→ Task: Restate, word for word, each entry that follows, but skip its pictures.

..........

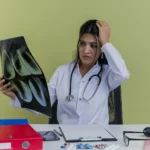 Female doctor looking concerned while analyzing chest X-ray scans, surrounded by medical supplies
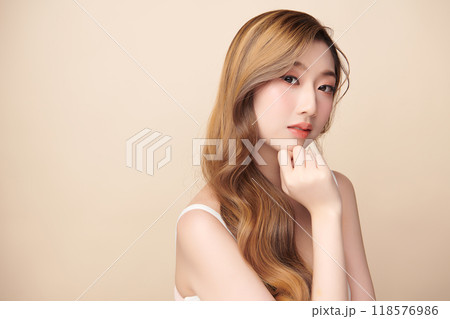 Beautiful young asian woman with clean fresh skin on beige background, Face care, Facial treatment, Cosmetology, beauty and spa, Asian women portrait. Beautiful young asian woman with clean fresh skin on beige background, Face care, Facial treatment, Cosmetology, beauty and spa, Asian women portrait. 118576986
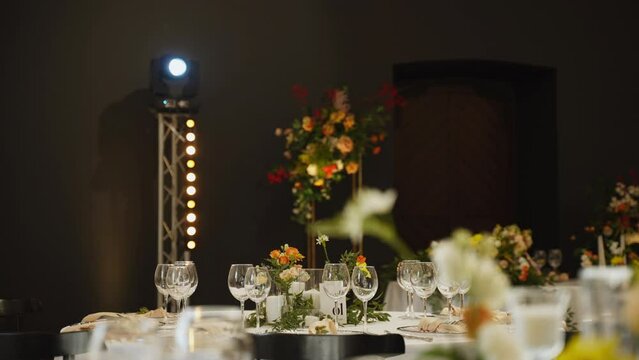 Served tables in dark walled banquet hall, decorated with floral arrangements and illuminated by professional lighting equipment before event. Spotlight turns its head and beam illuminates hall.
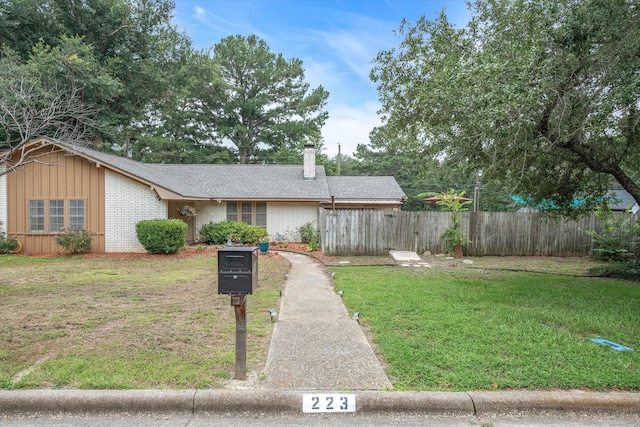 ranch-style house with a front lawn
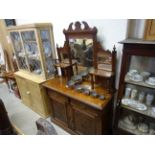 An oak early 20th century mirror backed sideboard with carved floral panel doors and drawers and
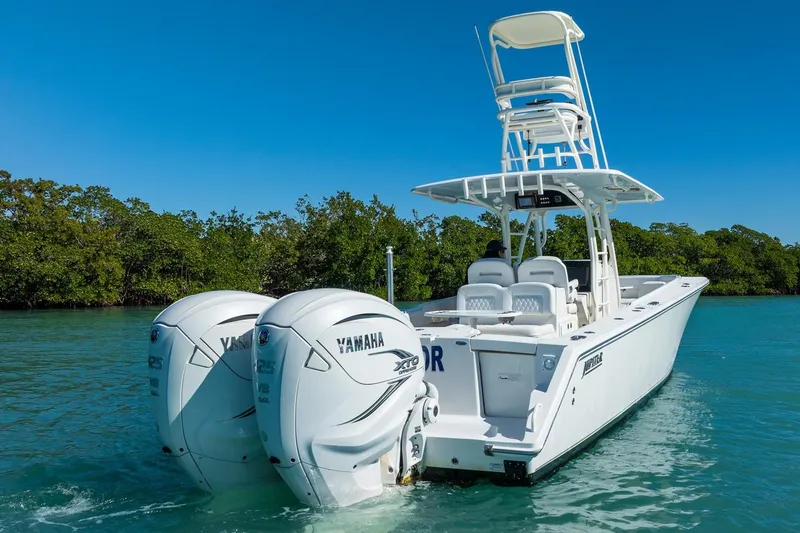 Slide: The Image of 2019 Jupiter 38 HFS boat with twin Yamaha engines on clear water. - 40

..........

→ Final answer:
 Female doctor looking concerned while analyzing chest X-ray scans, surrounded by medical supplies
 Beautiful young asian woman with clean fresh skin on beige background, Face care, Facial treatment, Cosmetology, beauty and spa, Asian women portrait. Beautiful young asian woman with clean fresh skin on beige background, Face care, Facial treatment, Cosmetology, beauty and spa, Asian women portrait. 118576986
 Served tables in dark walled banquet hall, decorated with floral arrangements and illuminated by professional lighting equipment before event. Spotlight turns its head and beam illuminates hall.
 ranch-style house with a front lawn
 An oak early 20th century mirror backed sideboard with carved floral panel doors and drawers and
 Slide: The Image of 2019 Jupiter 38 HFS boat with twin Yamaha engines on clear water. - 40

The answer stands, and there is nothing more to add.